Opinion
2016–07607 Index No. 5664/13
11-14-2018
Darlene SINGLETON, et al., Appellants, v. F AND R ROYAL, INC., et al., Respondents.
Parker Waichman LLP, Port Washington, N.Y. (Jay L.T. Breakstone of counsel), for appellants. Marjorie E. Bornes, Brooklyn, NY, for respondents.
Parker Waichman LLP, Port Washington, N.Y. (Jay L.T. Breakstone of counsel), for appellants.
Marjorie E. Bornes, Brooklyn, NY, for respondents.
JOHN M. LEVENTHAL, J.P., LEONARD B. AUSTIN, JEFFREY A. COHEN, BETSY BARROS, LINDA CHRISTOPHER, JJ.
DECISION & ORDER
ORDERED that the appeal by the plaintiff Prince Singleton is dismissed, as he is not aggrieved by the portion of the order appealed from (see CPLR 5511 ); and it is further,
ORDERED that the order is reversed insofar as appealed from by the plaintiff Darlene Singleton, on the law, and that branch of the defendants' motion which was for summary judgment dismissing the complaint insofar as asserted by the plaintiff Darlene Singleton is denied; and it is further,
ORDERED that one bill of costs is awarded to the plaintiff Darlene Singleton.

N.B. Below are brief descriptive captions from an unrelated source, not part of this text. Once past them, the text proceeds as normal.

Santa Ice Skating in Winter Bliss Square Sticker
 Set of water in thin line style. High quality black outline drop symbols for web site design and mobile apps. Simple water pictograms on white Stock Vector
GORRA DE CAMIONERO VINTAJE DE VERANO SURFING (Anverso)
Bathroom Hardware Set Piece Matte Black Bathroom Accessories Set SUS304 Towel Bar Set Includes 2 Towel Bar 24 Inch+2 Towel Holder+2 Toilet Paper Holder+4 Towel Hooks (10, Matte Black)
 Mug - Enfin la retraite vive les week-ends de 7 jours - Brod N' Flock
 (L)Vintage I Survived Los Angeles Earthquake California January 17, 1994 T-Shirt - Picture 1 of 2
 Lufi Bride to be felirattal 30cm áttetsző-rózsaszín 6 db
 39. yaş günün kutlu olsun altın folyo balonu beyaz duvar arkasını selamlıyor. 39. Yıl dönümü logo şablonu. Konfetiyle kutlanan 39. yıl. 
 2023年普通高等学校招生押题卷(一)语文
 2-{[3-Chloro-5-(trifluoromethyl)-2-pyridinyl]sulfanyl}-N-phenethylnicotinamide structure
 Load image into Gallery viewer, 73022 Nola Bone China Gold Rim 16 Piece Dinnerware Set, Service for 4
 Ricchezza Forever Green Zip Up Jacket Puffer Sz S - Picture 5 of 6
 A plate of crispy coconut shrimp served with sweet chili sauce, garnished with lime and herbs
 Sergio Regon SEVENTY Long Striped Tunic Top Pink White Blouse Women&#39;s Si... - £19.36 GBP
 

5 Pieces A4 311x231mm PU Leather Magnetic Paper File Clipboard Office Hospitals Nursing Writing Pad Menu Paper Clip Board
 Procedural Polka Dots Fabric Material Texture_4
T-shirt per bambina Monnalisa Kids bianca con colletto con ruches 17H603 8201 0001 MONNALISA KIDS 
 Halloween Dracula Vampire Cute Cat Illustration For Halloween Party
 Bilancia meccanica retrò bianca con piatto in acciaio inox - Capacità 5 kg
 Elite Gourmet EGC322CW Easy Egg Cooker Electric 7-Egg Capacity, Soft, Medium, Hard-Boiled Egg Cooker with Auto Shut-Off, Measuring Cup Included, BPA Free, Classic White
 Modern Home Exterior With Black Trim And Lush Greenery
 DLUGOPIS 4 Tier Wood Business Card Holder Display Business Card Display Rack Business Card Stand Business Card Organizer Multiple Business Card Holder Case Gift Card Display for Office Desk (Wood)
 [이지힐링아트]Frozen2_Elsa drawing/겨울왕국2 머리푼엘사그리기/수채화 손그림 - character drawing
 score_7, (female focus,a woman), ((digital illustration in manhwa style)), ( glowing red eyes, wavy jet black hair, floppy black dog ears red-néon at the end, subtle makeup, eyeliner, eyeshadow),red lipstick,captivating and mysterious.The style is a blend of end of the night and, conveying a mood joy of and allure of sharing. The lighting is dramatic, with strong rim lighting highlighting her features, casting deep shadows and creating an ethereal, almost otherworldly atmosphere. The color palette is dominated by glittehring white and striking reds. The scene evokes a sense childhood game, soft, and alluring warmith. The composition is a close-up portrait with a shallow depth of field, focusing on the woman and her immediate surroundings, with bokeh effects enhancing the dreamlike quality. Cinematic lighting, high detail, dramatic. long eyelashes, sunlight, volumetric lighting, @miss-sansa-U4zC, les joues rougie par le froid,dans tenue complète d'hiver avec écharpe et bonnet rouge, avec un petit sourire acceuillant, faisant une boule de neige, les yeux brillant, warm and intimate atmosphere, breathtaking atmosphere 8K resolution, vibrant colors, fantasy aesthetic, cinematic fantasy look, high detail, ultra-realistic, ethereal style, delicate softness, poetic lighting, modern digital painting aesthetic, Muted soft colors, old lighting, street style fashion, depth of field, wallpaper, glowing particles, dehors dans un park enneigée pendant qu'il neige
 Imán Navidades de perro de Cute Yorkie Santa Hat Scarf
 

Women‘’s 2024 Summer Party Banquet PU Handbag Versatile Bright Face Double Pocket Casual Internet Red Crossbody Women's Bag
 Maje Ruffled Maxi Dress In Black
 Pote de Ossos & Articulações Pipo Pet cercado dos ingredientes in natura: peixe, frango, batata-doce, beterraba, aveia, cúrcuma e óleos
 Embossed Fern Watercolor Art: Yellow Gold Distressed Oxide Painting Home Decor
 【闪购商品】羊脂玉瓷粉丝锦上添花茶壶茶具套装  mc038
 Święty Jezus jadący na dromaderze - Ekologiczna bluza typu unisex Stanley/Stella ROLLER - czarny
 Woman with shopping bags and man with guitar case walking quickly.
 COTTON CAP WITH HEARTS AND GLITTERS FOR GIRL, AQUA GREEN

The plaintiffs, Darlene Singleton and Prince Singleton, commenced this action to recover damages for personal injuries they each allegedly sustained in a motor vehicle accident that occurred in Brooklyn. The defendants moved for summary judgment dismissing the complaint on the ground that the plaintiffs did not sustain a serious injury within the meaning of Insurance Law § 5102(d) as a result of the accident. The Supreme Court, inter alia, granted that branch of the motion which was for summary judgment dismissing the complaint insofar as asserted by Darlene Singleton. The plaintiffs appeal.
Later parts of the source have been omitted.